The WRAP Framework Building an AI Coding Agent for Infrastructure Automation

Cortex Development Team
Cortex Development Team
January 9, 2026 15 min read
Share:
The WRAP Framework Building an AI Coding Agent for Infrastructure Automation

The WRAP Framework: Building an AI Coding Agent for Infrastructure Automation

Infrastructure development is fundamentally changing. What once required hours of manual coding, testing, and deployment can now be accomplished in minutes through AI-assisted development. Today, we’re implementing a comprehensive AI coding agent for Cortex using the WRAP framework—a methodology that maximizes the effectiveness of human-AI collaboration in software development.

This isn’t about replacing developers. It’s about amplifying their capabilities through intelligent automation that handles repetitive work while preserving human judgment for critical decisions.


The WRAP Framework

WRAP is an acronym that encapsulates four principles for effective AI coding agent deployment:

W - Write Effective Issues

Structure coding tasks as if explaining to a new team member, with complete context and concrete examples.

R - Refine Instructions

Leverage repository, organization, and custom agent instructions to ensure consistency across implementations.

A - Atomic Tasks

Break large problems into small, independent, well-defined tasks that can be executed in parallel.

P - Pair with Coding Agent

Align human strengths (understanding intent, navigating ambiguity) with agent capabilities (tireless execution, exploring alternatives).
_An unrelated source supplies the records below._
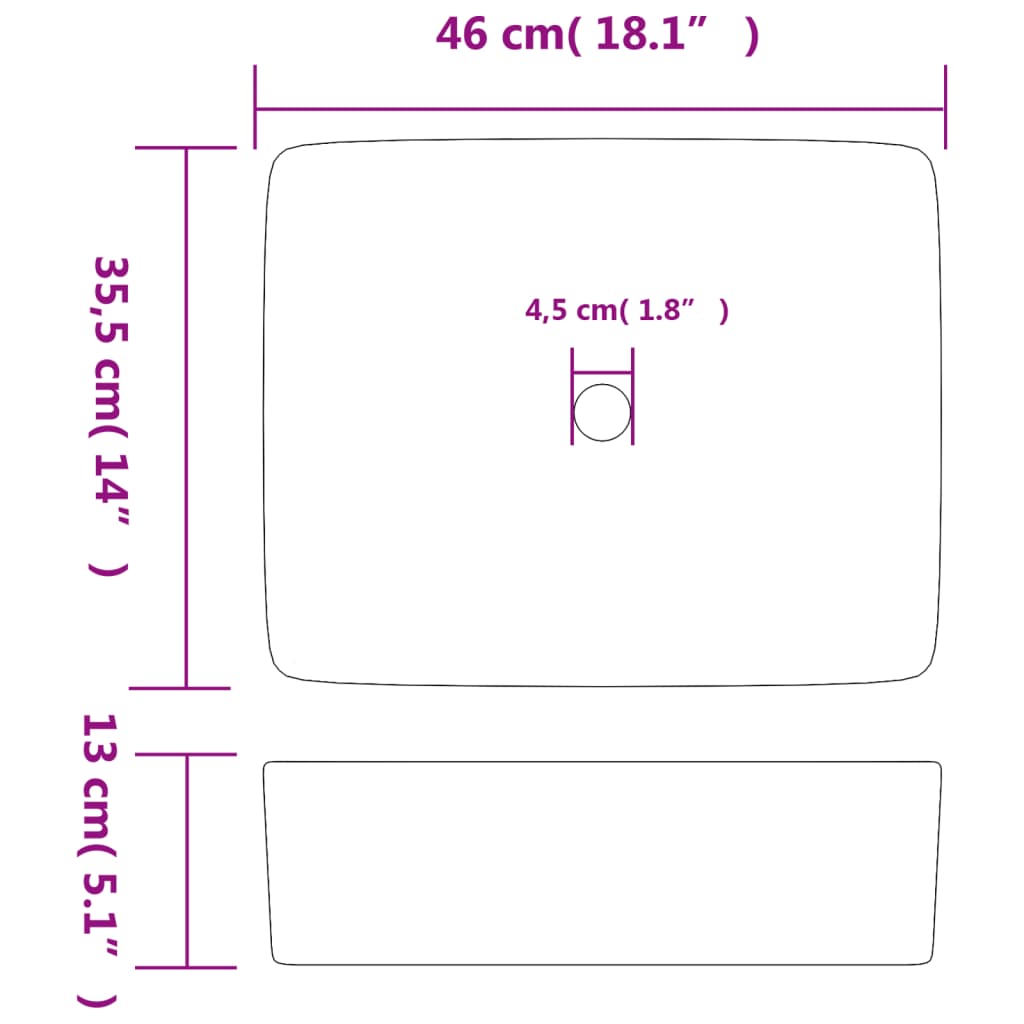 Lavabo da Appoggio Bianco Rettangolare 46x35,5x13 cm Ceramica - homemem39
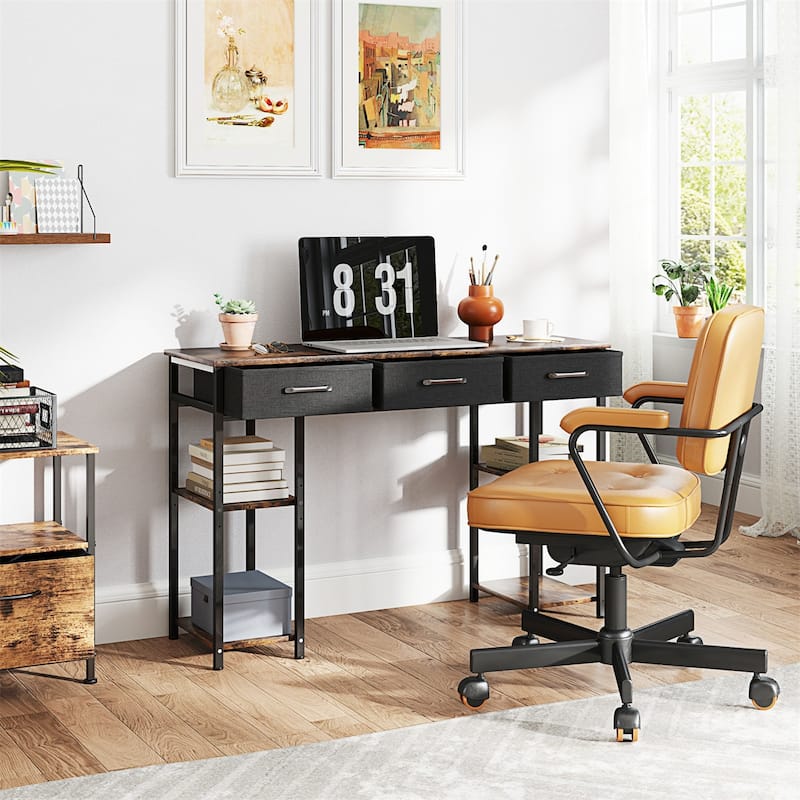 Steel Computer Desk with Drawers and Adjustable Shelves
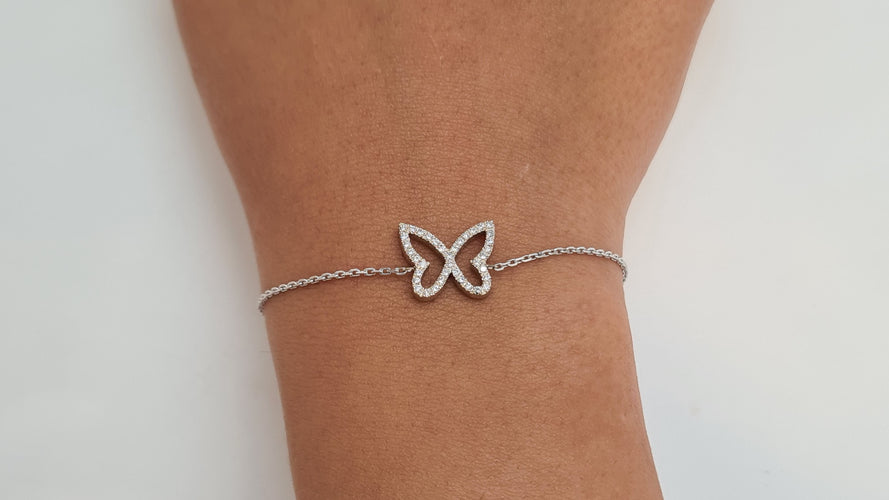 Bracelet Bracelet papillon en Or blanc & diamants 58 Facettes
Why Cortex Needs a Coding Agent

Current Development Reality

Manual Deployment Process (YouTube Intelligence Service example):

# 1. Write code (30 minutes)
# 2. Create ConfigMaps (10 minutes)
kubectl create configmap youtube-channel-intelligence-code \
  --from-file=index.js=./index.js \
  --from-file=config.js=./config.js \
  --from-file=youtube-client.js=./youtube-client.js \
  # ... 4 more files

# 3. Write deployment YAML (20 minutes)
# 4. Apply to cluster (2 minutes)
kubectl apply -f deployment.yaml

# 5. Debug issues (30+ minutes)
kubectl logs youtube-intelligence-abc123 --tail=100

# 6. Iterate until working (60+ minutes)

Total: 2.5+ hours

With AI Coding Agent:

Human: "Create YouTube intelligence service with priority queue and Redis state"
Agent: Generates complete implementation in 5 minutes
Human: Reviews and approves (5 minutes)
Agent: Deploys to K3s, verifies health (2 minutes)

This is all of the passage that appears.